# Prompt
In your copy, reproduce each entry exactly and include no picture.

# Source data
------------------------------------------------

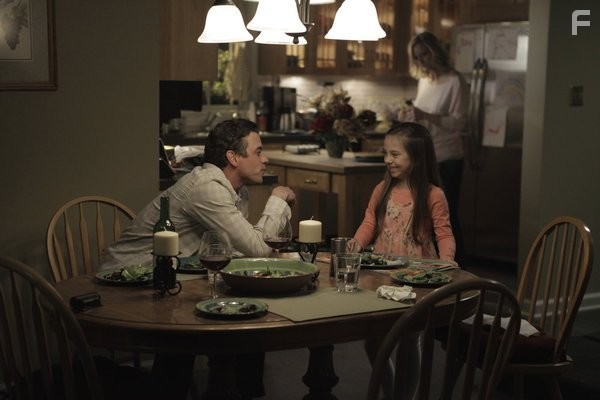 Skeet Ulrich, Teri Polo, Casey Winters, and Caitlin Carmichael in Закон и порядок: Лос-Анджелес (2010)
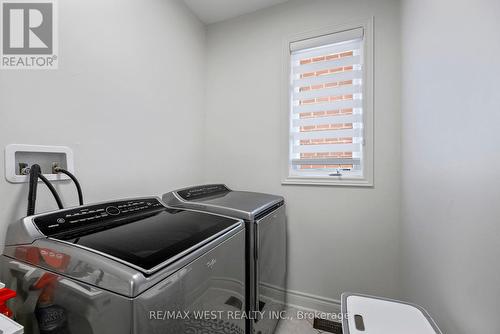 64 Weaver Terrace, New Tecumseth, ON - Indoor Photo Showing Laundry Room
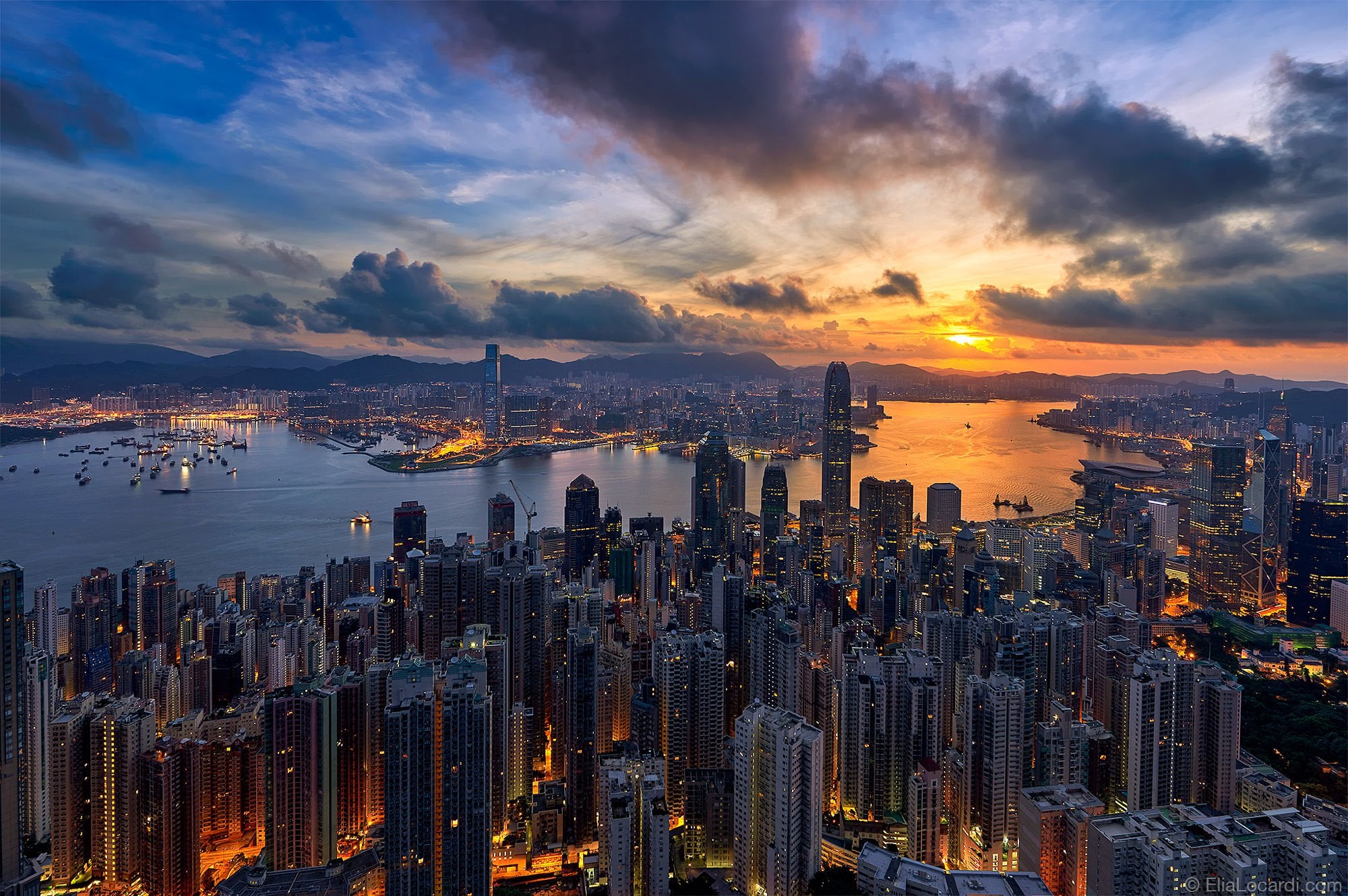 Sunrise In Hong Kong R Pics
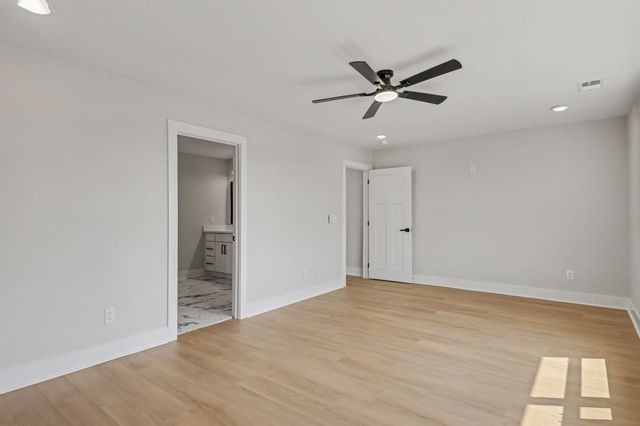 1121 Lawrence Ave Unit 3, Madison, TN 37115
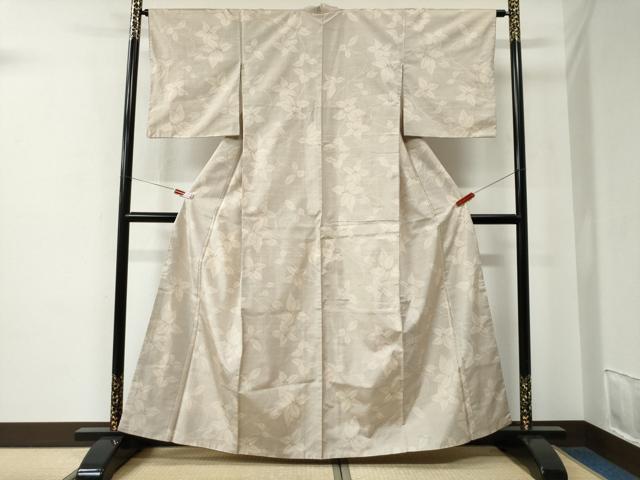 平和屋着物●本場大島紬 白大島 9マルキ 枝花文 正絹 逸品 CABE2625yc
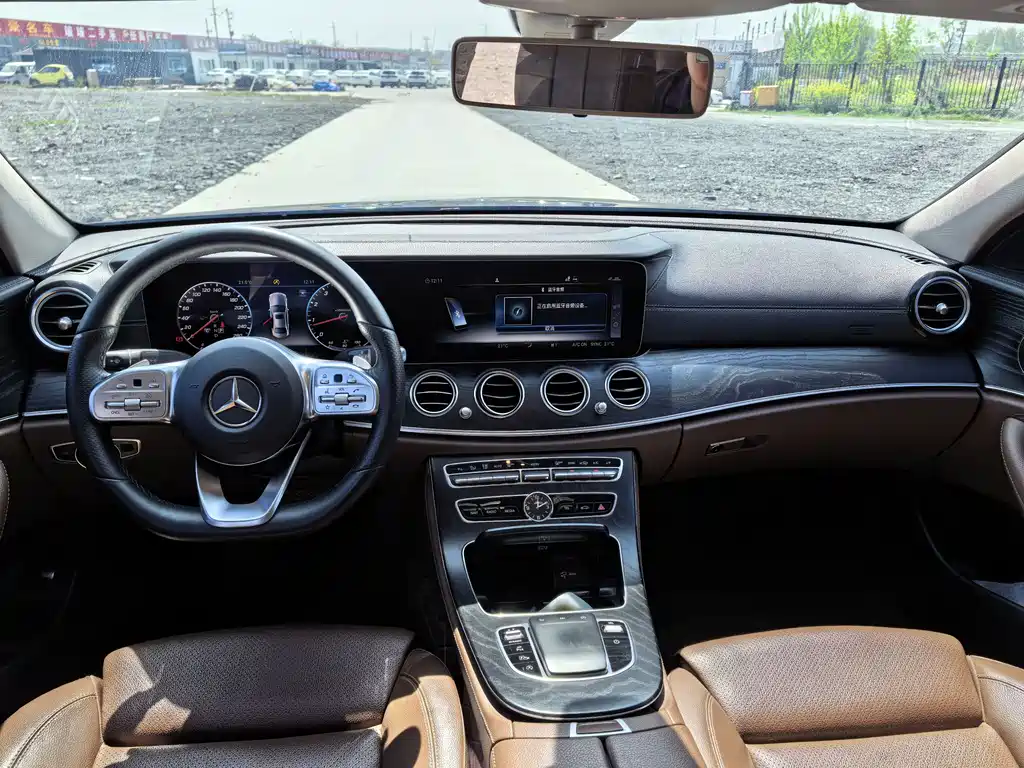 Mercedes-Benz E-Class 2019 — фото 6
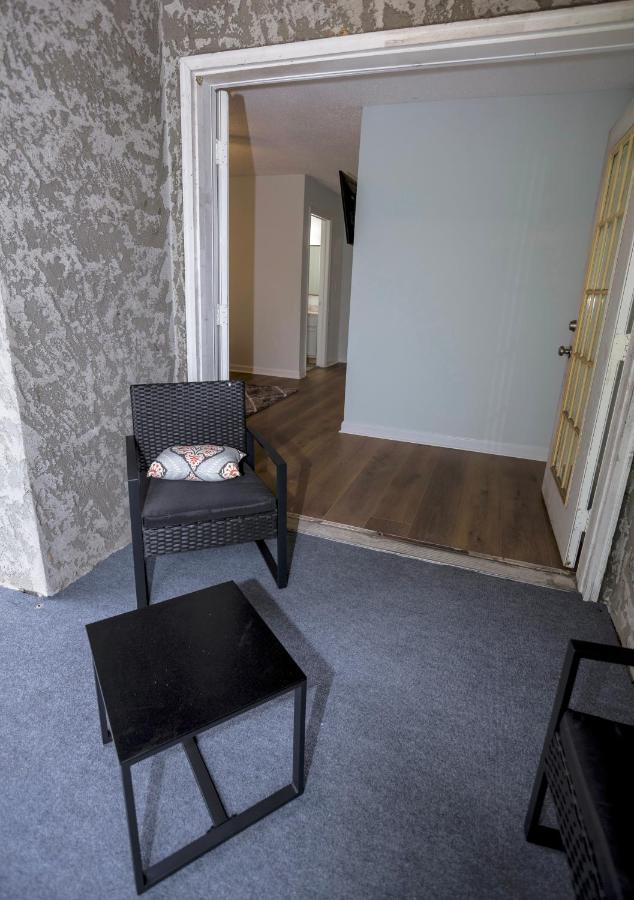 Elegant 3 Bedroom Apt With Free Parking And Balcony Nashville Zewnętrze zdjęcie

------------------------------------------------

# Output for this exercise
 Skeet Ulrich, Teri Polo, Casey Winters, and Caitlin Carmichael in Закон и порядок: Лос-Анджелес (2010)
 64 Weaver Terrace, New Tecumseth, ON - Indoor Photo Showing Laundry Room
 Sunrise In Hong Kong R Pics
 1121 Lawrence Ave Unit 3, Madison, TN 37115
 平和屋着物●本場大島紬 白大島 9マルキ 枝花文 正絹 逸品 CABE2625yc
 Mercedes-Benz E-Class 2019 — фото 6
 Elegant 3 Bedroom Apt With Free Parking And Balcony Nashville Zewnętrze zdjęcie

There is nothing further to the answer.